Segment Start: Listed entries

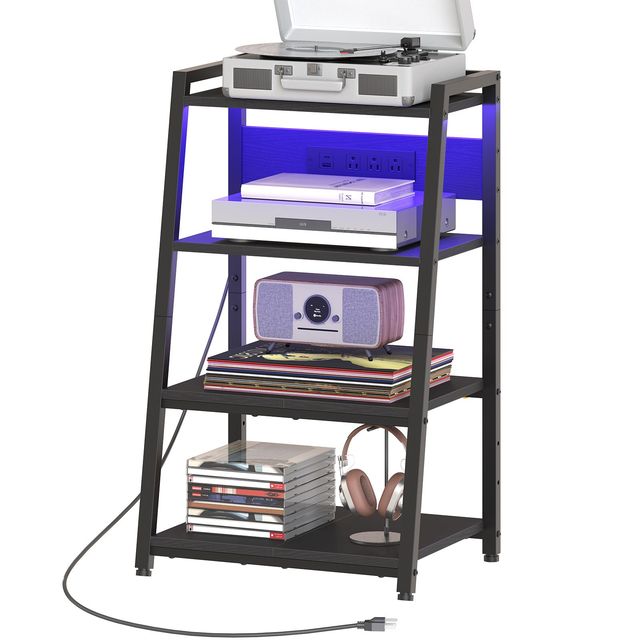 Wholesale Record Player Stand, AV Media Rack with CD Storage, Black Entertainment Device Shelf with Record Organizer and Display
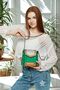 Queen Elizabeth Luna Shine Green Color Women's Shoulder Bag with Stone Cover, Staple Detail & Cross Chain Strap - 7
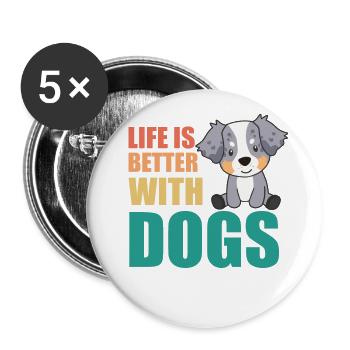 Australian Sheperd Life Dogs - Buttons large 2.2''/56 mm (5-pack) - white - Front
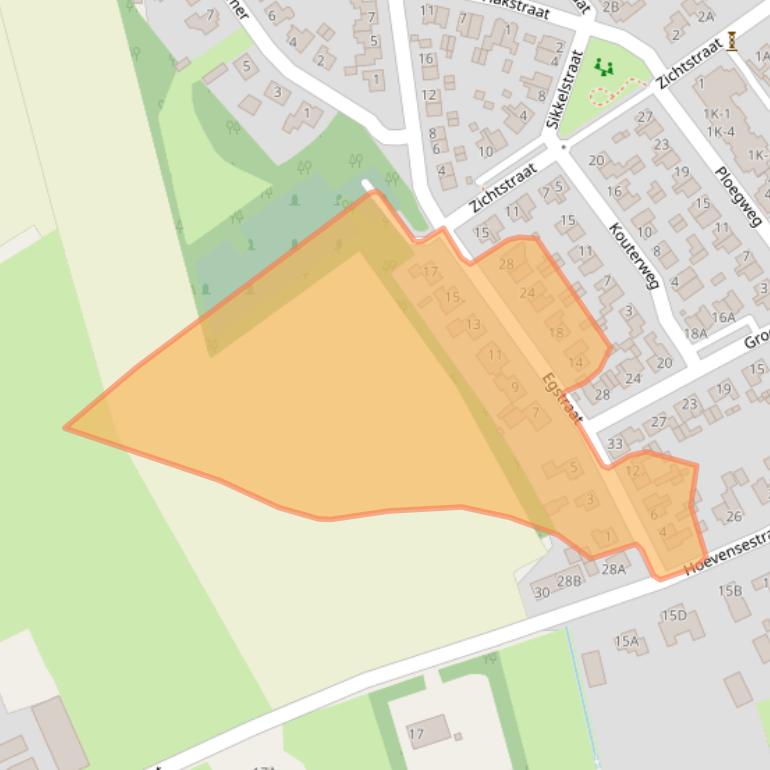 Kaart van postcodegebied 5446AB.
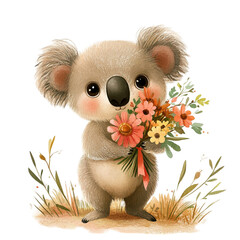 Watercolor Koala Clipart ,high-quality, high resolution. Perfect for invitations, greeting cards, nursery decor, scrapbooking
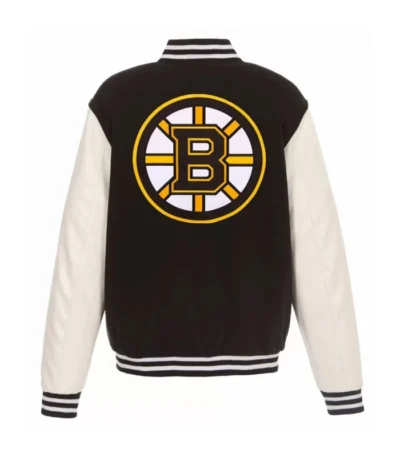 Boston Bruins White and Black Varsity Jacket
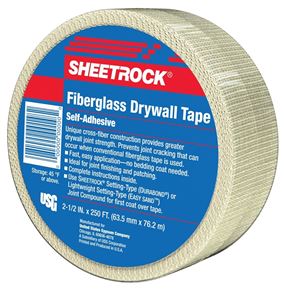 USG 385201020 Drywall Tape, 250 ft L, 2-1/2 in W, White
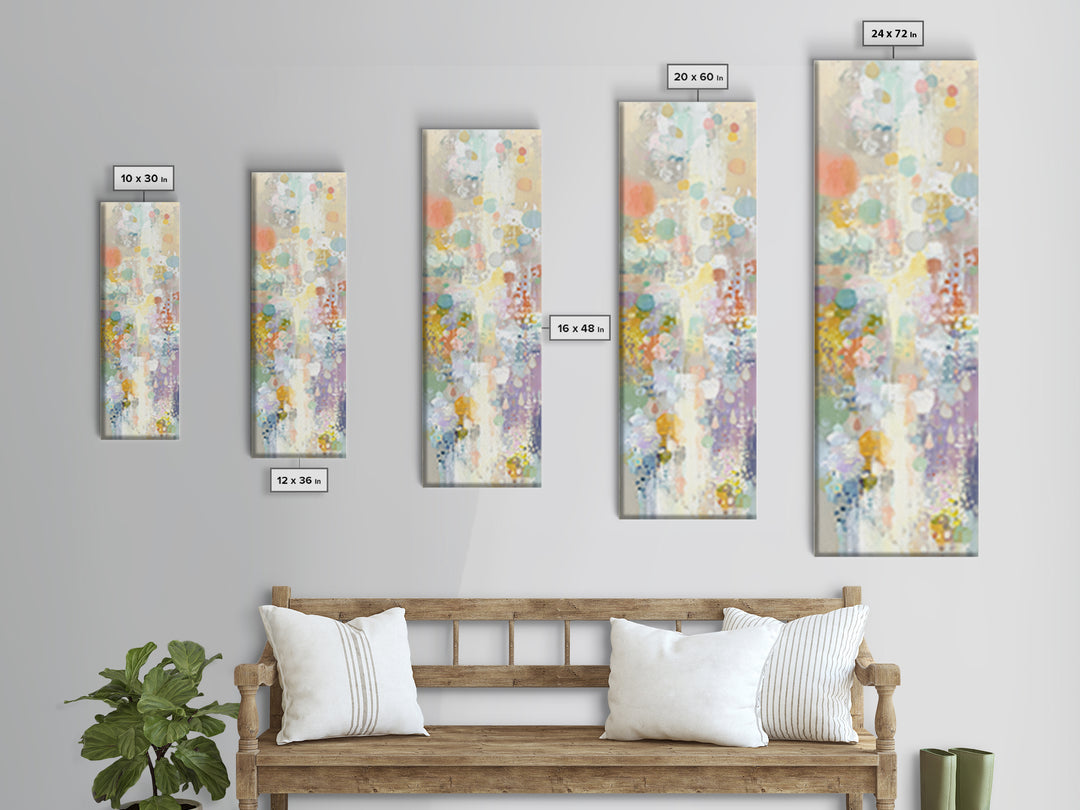 Cloud Rainbow and Raindrop Composition Canvas Print, Nursery Decor, Canvas, Fine Art, Nursery, Playroom Decor, Floral Wall Art, NDE-1x3-32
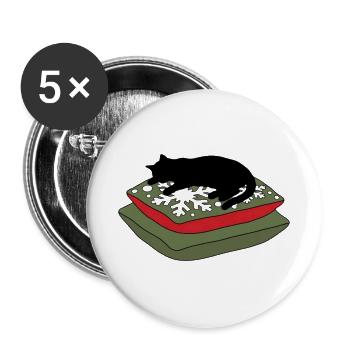 gatto_nero_dorme_sopra_due_cuscini - Buttons groß 56 mm (5er Pack) - Weiß - Vorne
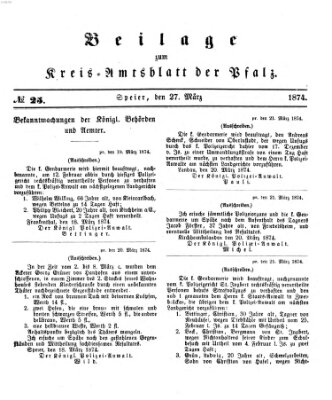 Königlich-bayerisches Kreis-Amtsblatt der Pfalz (Königlich bayerisches Amts- und Intelligenzblatt für die Pfalz) Freitag 27. März 1874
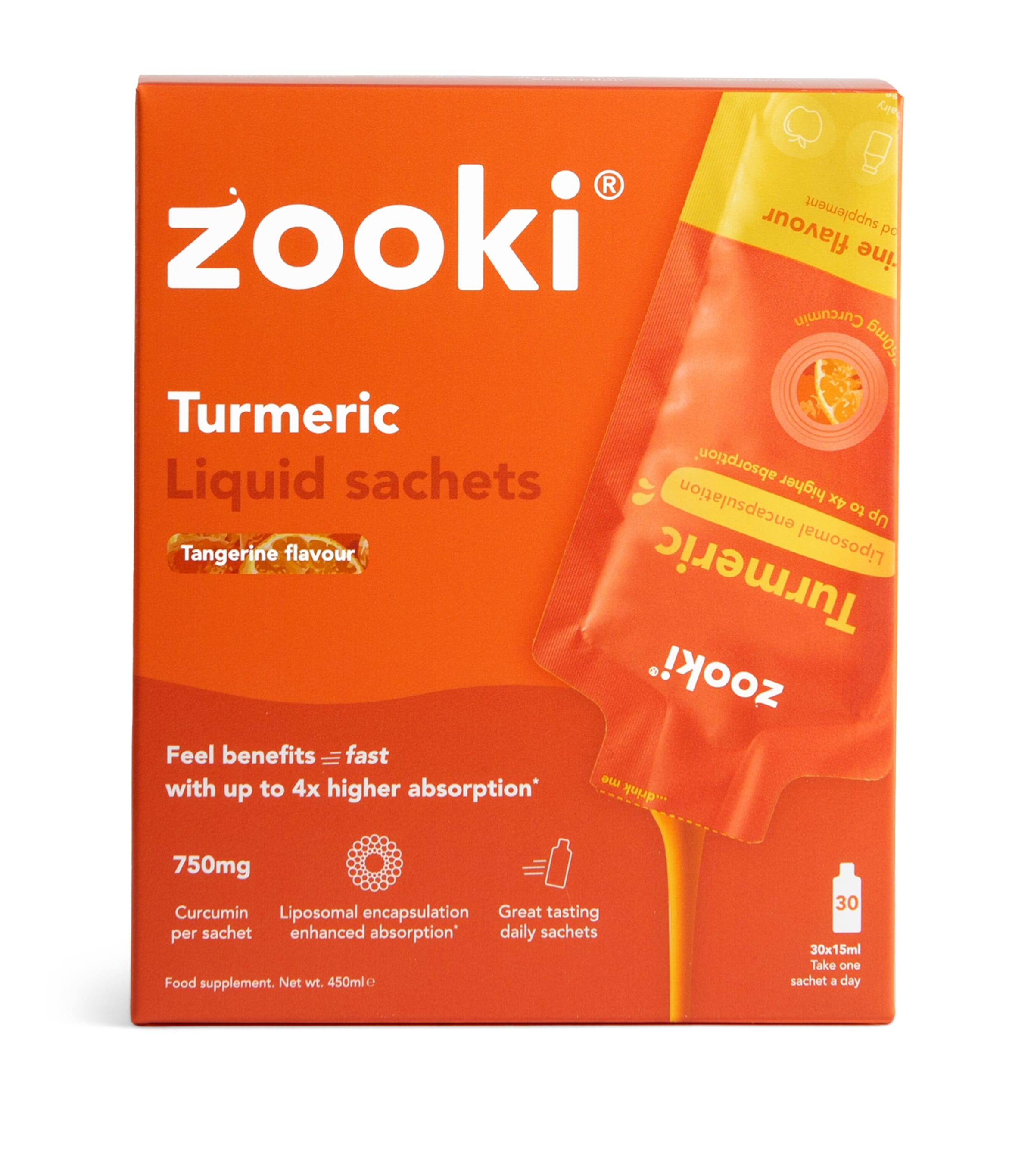 YourZooki Liposomal Turmeric 750mg Liquid Sachets (Pack of 30)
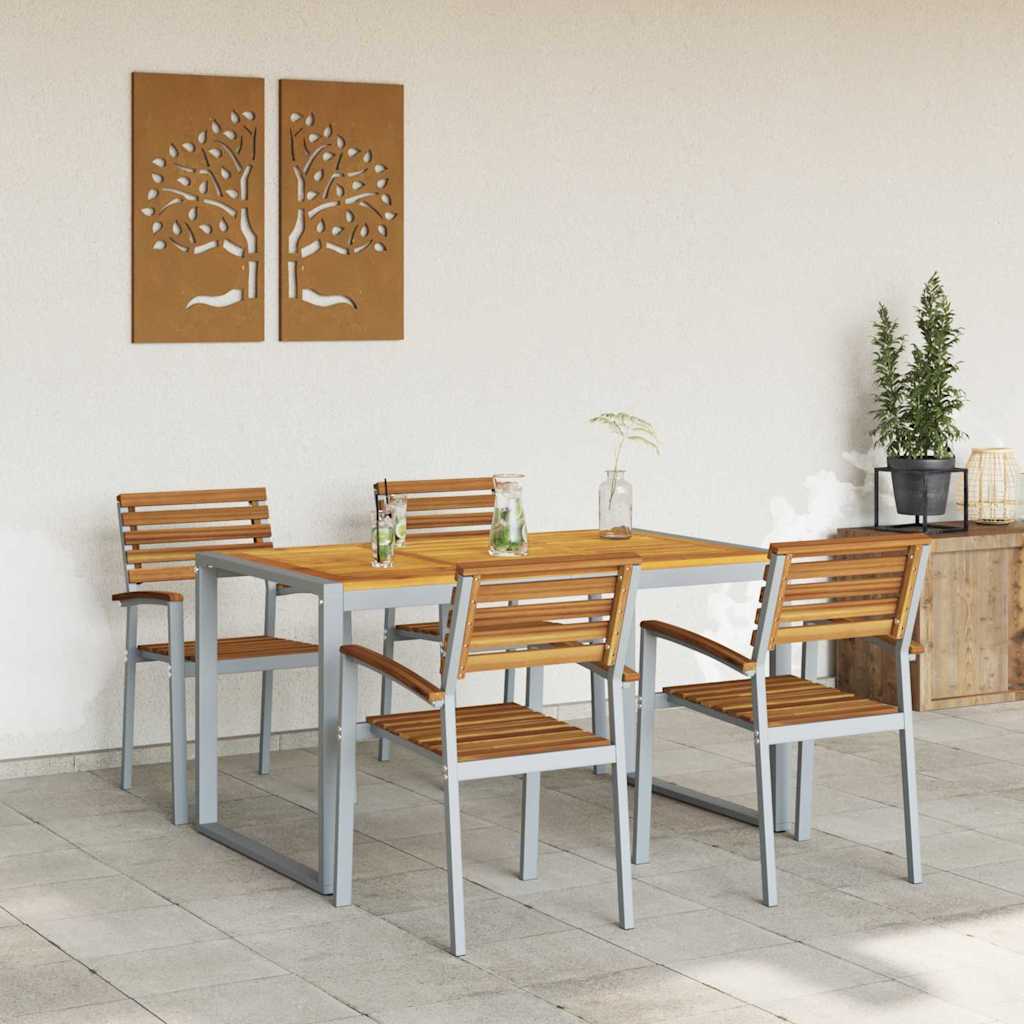 Garten Essgruppe 5 pcs Grau und Braun Akazie Massivholz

Segment End: Listed entries

● **The task**
Leave the pictures out and repeat exactly the lines from the beginning of the records to the line bearing "gatto_nero_dorme_sopra_due_cuscini - Buttons", both ends counted.

● **Response below**
 Wholesale Record Player Stand, AV Media Rack with CD Storage, Black Entertainment Device Shelf with Record Organizer and Display
 Queen Elizabeth Luna Shine Green Color Women's Shoulder Bag with Stone Cover, Staple Detail & Cross Chain Strap - 7
 Australian Sheperd Life Dogs - Buttons large 2.2''/56 mm (5-pack) - white - Front
 Kaart van postcodegebied 5446AB.
 Watercolor Koala Clipart ,high-quality, high resolution. Perfect for invitations, greeting cards, nursery decor, scrapbooking
 Boston Bruins White and Black Varsity Jacket
 USG 385201020 Drywall Tape, 250 ft L, 2-1/2 in W, White
 Cloud Rainbow and Raindrop Composition Canvas Print, Nursery Decor, Canvas, Fine Art, Nursery, Playroom Decor, Floral Wall Art, NDE-1x3-32
 gatto_nero_dorme_sopra_due_cuscini - Buttons groß 56 mm (5er Pack) - Weiß - Vorne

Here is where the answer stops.